June 2004Trading Tip:
Linear Regression Explained by Howard Arrington
A Linear Regression (LR) line is a trend line that is drawn
mathematically so that is represents the 'best fit' for the data
points it passes through. The formulas use the least squares
method to determine the line's placement. This minimizes the
distances between the data points and the trend line.

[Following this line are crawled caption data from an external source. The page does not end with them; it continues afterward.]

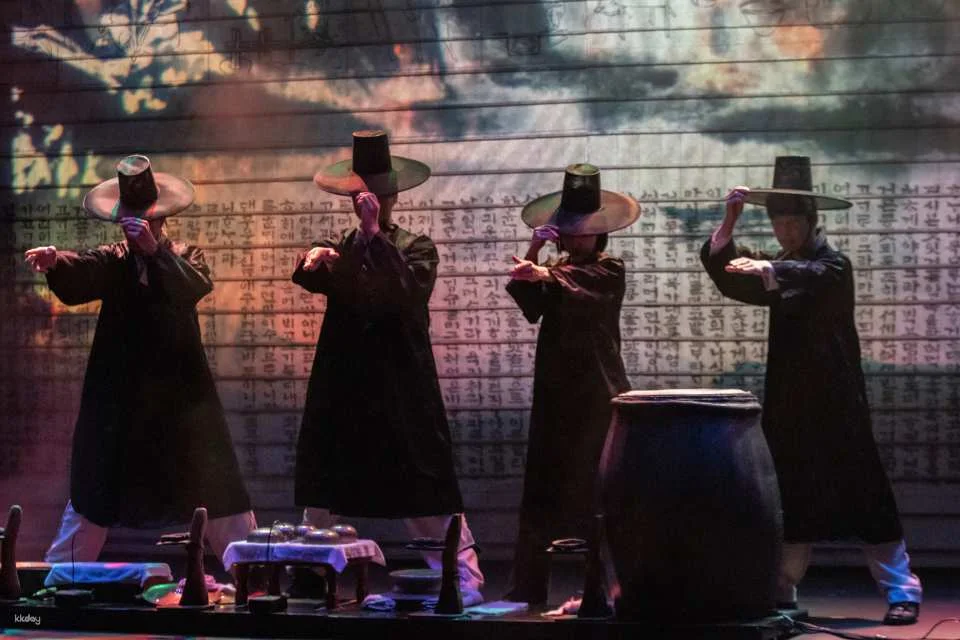 Jeju NANTA Show Admission Ticket | Korea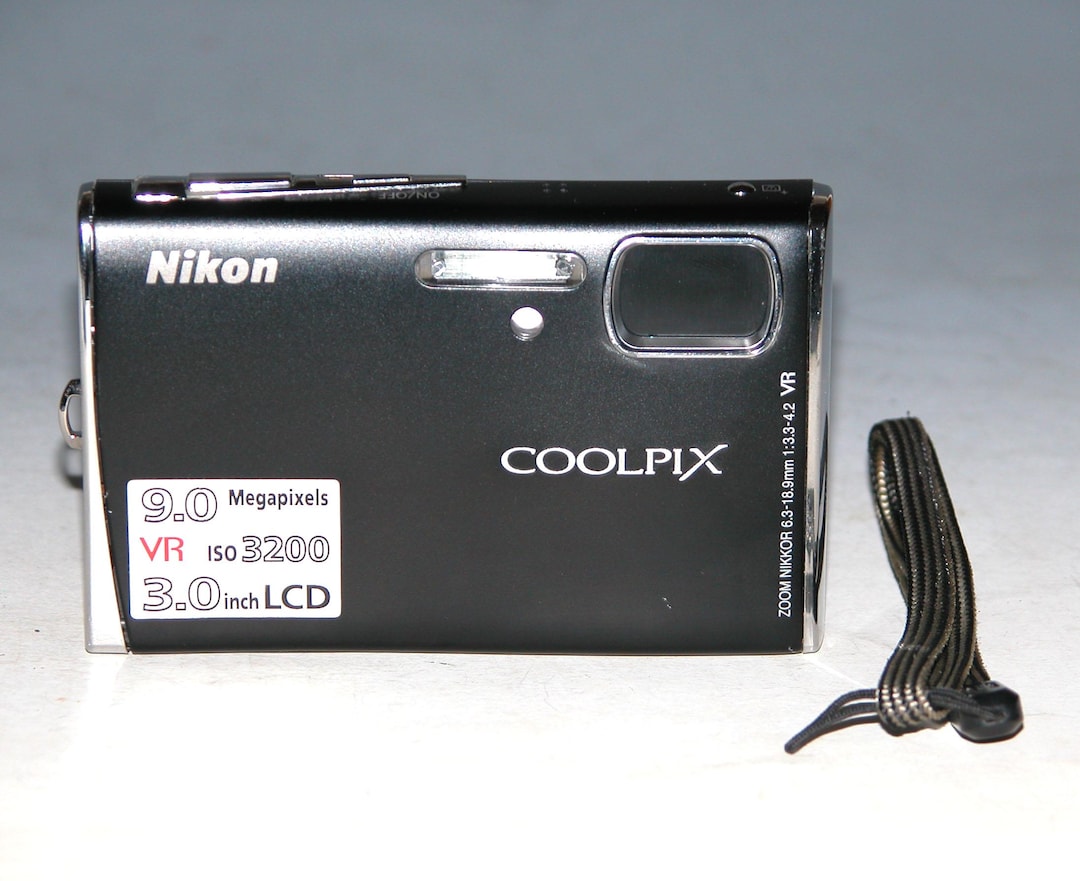 Nikon COOLPIX S5　デジカメ Amazon.com : Nikon Coolpix S5 6MP Digital Camera with 3x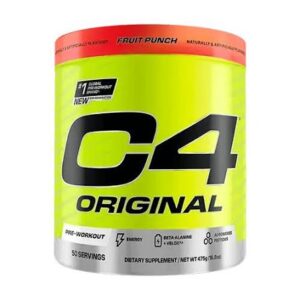 C4 Original Fruit Punch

The algebraic expression for a straight line
is: y = b * x +
a where b is the
slope of the line and a is the
y-intercept. The linear regression formula calculate
both the b and the a values.
This chart shows a linear regression trend line in
its 'best fit' position.
One technique is to draw equally spaced channel lines
at a distance based on Standard Deviation. The Linear
Regression draw tool in Ensign Windows has a multiplier parameter
for the Standard Deviation offset. The following example shows
red channels lines drawn at 2 times the Standard
Deviation. Prices that stay outside of the regression
channel indicate a change in trend.
The next technique that is based on Linear Regression
trend lines, is to calculate a Linear Regression line for every set
of n bars, and determine the price where the
trend line intercepts the last bar in each data set. Thus, one
data point is determined for each bar in the chart, and these data
points are then connected to create a Linear Regression curve, quite
like a moving average. The next chart illustrates
several LR lines that each span a set of 5 bars. The price
where the LR line intercepts the last bar in each set of 5 bars is
marked with a dot. These intercept points are then connected
by the red line to form a curve.
The study in Ensign Windows which is based on the
above technique is called Regression Channel. The center line
is calculated as illustrated in the prior example. Then bands
are added whose distance from the regression center line is based on
Standard Deviation.
The last technique discussed in this article is to
plot the Slope of each Linear Regression trend line that is
calculated for each set of n bars. In
our earlier example with several LR lines, each LR line has a
slope. Some have positive slopes wherein the lines are
ascending. Some have negative slopes wherein the lines
are descending. A change in the slope can be an early
indication that the trend is changing direction.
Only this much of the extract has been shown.